WORK INSTRUCTION
Leave out every picture, and restate word for word only the lines from the one containing "Ortsansicht mit Fluss" through the end of the material.

DATA EXCERPTS
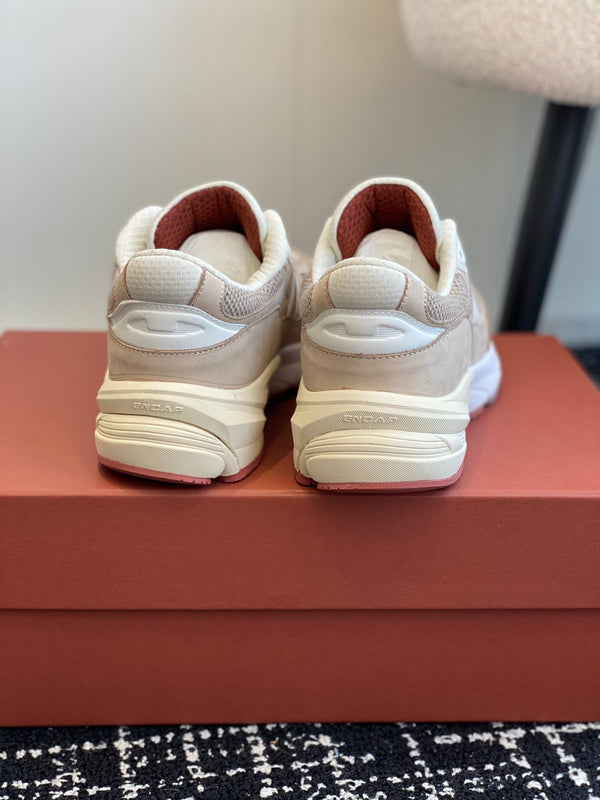 Sneaker LP x NB 990v6 45mm grigio scuro pelle di vitello rosa scuro e tessuto a rete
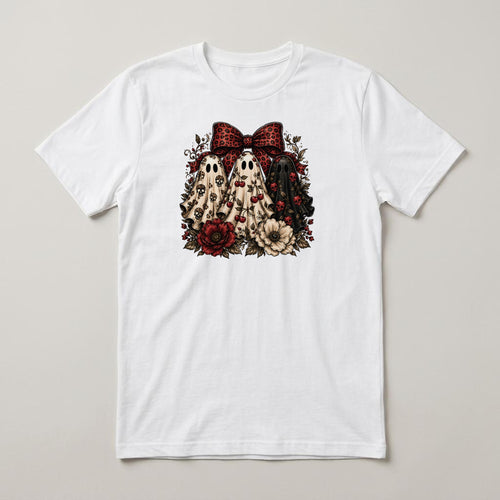 Bow Ghosts & Flowers t-shirt, white, print on the front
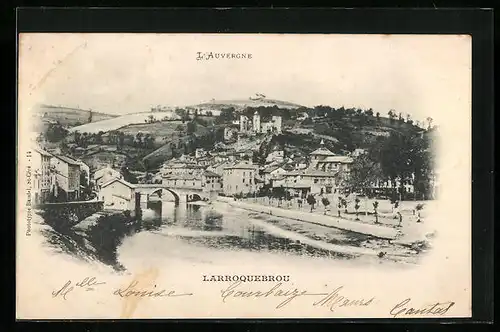 AK Larroquebrou, L`Auvergne, Ortsansicht mit Fluss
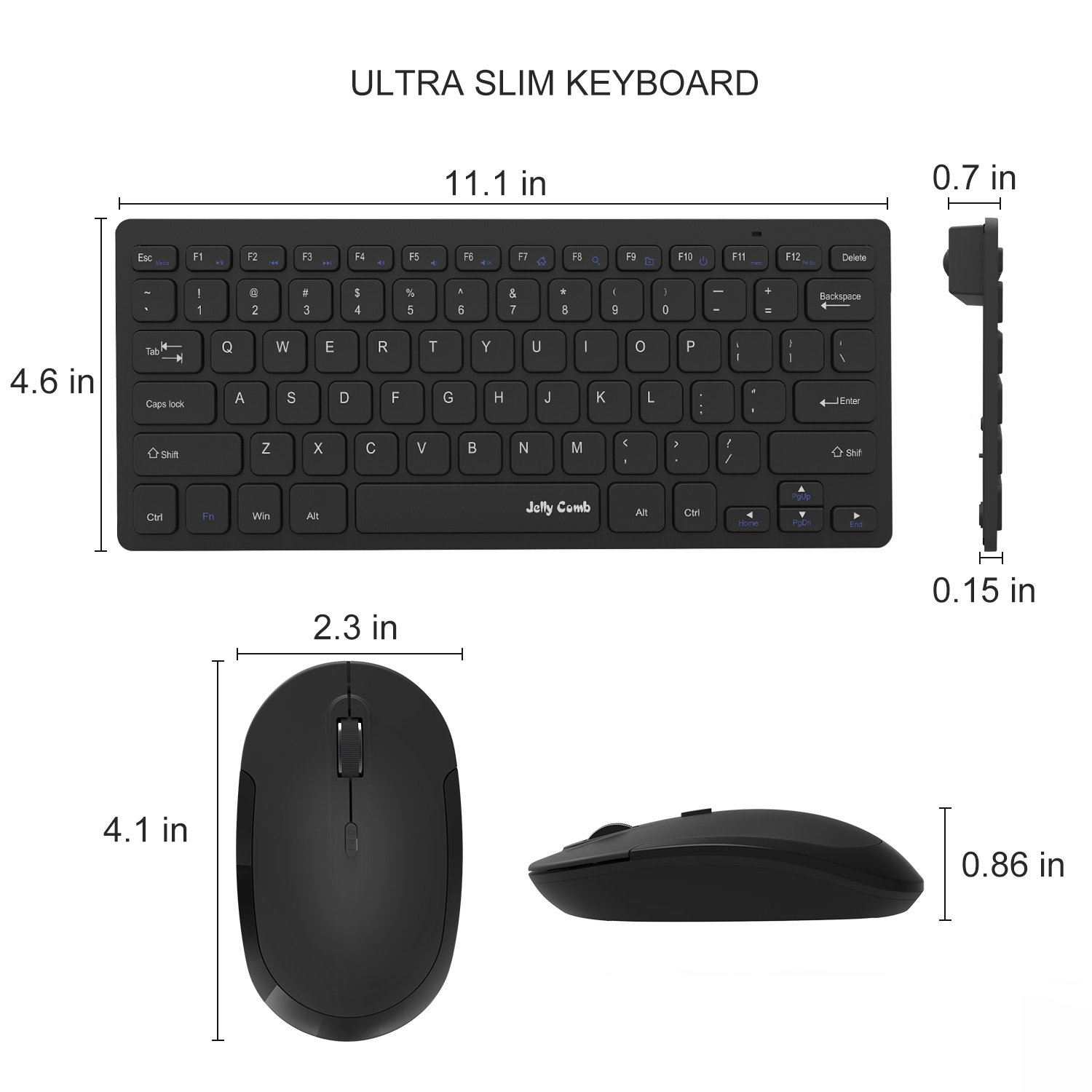 Jelly Comb 2.4G Wireless Keyboard and Mouse Slim Quiet Small Keyboard and Mouse Combo for Windows Laptop PC Notebook DE US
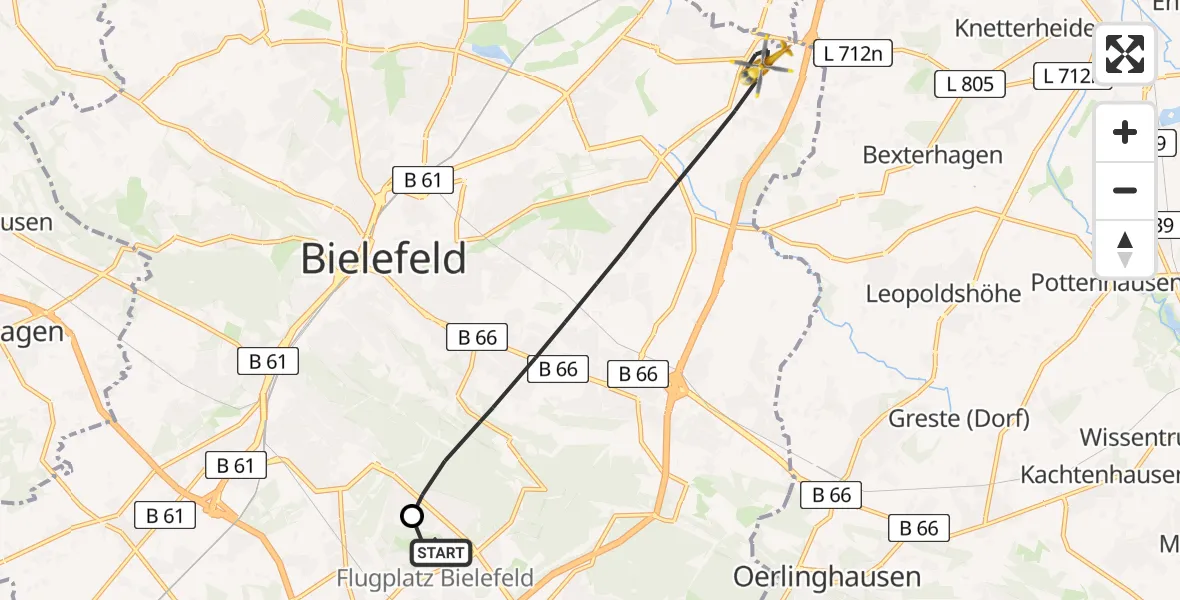 Flugroute Rettungshubschrauber Bielefeld Flughafen - Bielefeld, 04 Juli 2026, 16:08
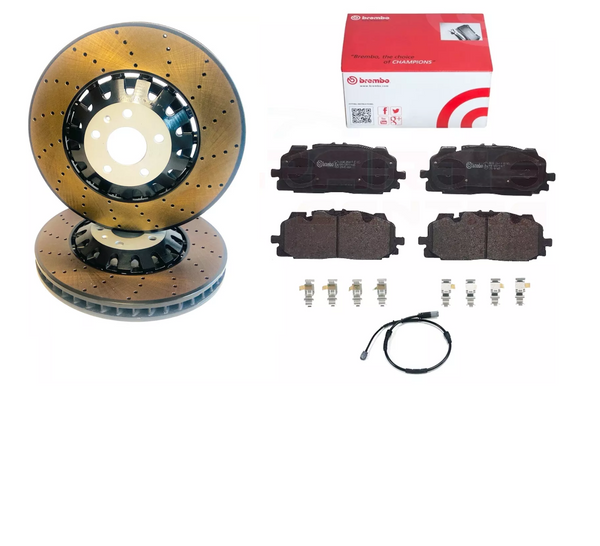 FOR AUDI RS4 RS5 B9 2 FRONT BRAKE DISC BREMBO FRONT BRAKE  PADS SENSORS 375mm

WRITTEN ANSWER
 AK Larroquebrou, L`Auvergne, Ortsansicht mit Fluss
 Jelly Comb 2.4G Wireless Keyboard and Mouse Slim Quiet Small Keyboard and Mouse Combo for Windows Laptop PC Notebook DE US
 Flugroute Rettungshubschrauber Bielefeld Flughafen - Bielefeld, 04 Juli 2026, 16:08
 FOR AUDI RS4 RS5 B9 2 FRONT BRAKE DISC BREMBO FRONT BRAKE  PADS SENSORS 375mm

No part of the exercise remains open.